TO DO - Your answer must be the full listing, reproduced exactly, minus any pictures.

DATA section start

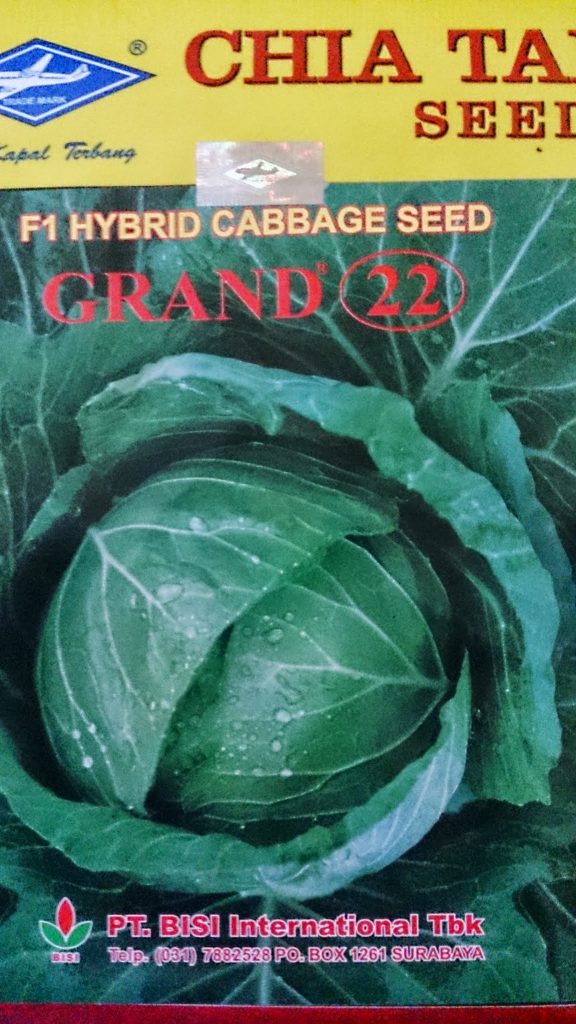 Benih Hibrida, Sayuran, Pertanian,Panen Melimpah,Sayur kol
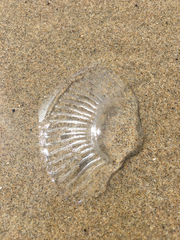 Aequorea victoria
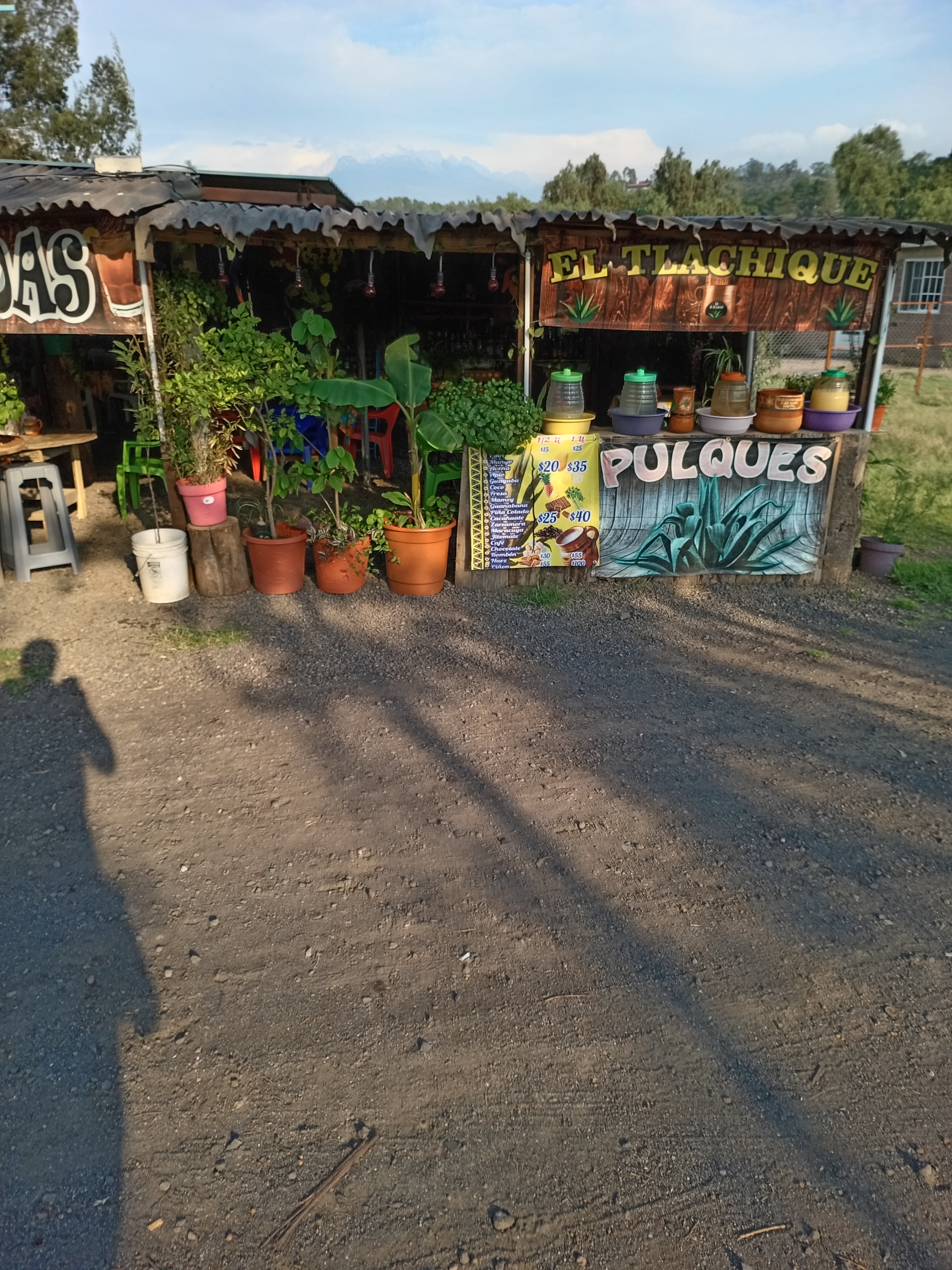 Pulques El Tlachique image 10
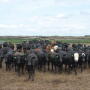 In the short-term, the Tyson fire will be bearish on cattle prices.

DATA section end

TASK OUTPUT -
 Benih Hibrida, Sayuran, Pertanian,Panen Melimpah,Sayur kol
 Aequorea victoria
 Pulques El Tlachique image 10
 In the short-term, the Tyson fire will be bearish on cattle prices.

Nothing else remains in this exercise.